At the school where he used to teach constitutional law, President Obama declared today that “in some ways the judicial process is a casualty of some broader trends in our democracy.”
Obama’s discussion at the University of Chicago was intended to needle a reticent Congress on holding confirmation hearings for his Supreme Court nominee, Chicago native Merrick Garland.
He was joined at the event by House Dems representing Illinois and Sen. Dick Durbin (D-Ill.).
The president said his decade teaching classes and seminars at the law school was “really fun.”
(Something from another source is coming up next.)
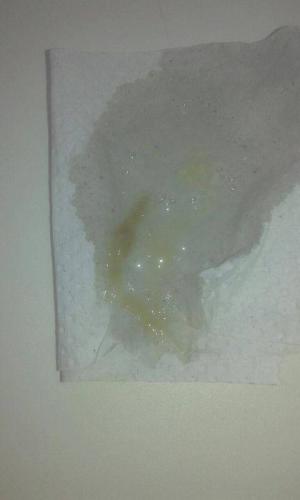 Мокрота с кровью при кашле, причины у взрослых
“It used to be that people read the Constitution and Article II powers fairly straightforwardly. It says the president shall make these nominations with the advise and consent of the Senate, and unless there was some sort of real problem with that judges character or qualifications, it was fairly routine at every level, both at the District Court level, the Appellate Court level and the Supreme Court, that the person would be confirmed in short order,” Obama said.
“What has been unique in this process has been the growing attitude inside of the Senate that every nomination, no matter how well qualified a judge is, is a subject of contention. In some cases, it’s simply because one party or the other wants to gum up the works… in other cases, the view has been that despite all the talk about people wanting objective judges who are just calling balls and strikes and don’t bring any views to bear, that there are litmus tests that are applied that prevent a judge from getting a fair vote, even though they’re qualified, because they don’t meet the particular views of the party that’s objecting.”
Obama claimed that because of congressional stalling of nominees “the courts will be just an extension of our legislatures and our elections and our politics.”
“It’s not just a matter of who’s occupying that ninth seat on the Supreme Court,” he said. “It has to do with how we as a democracy operate and the particular authority that a court has to bring in order for our democracy to work.”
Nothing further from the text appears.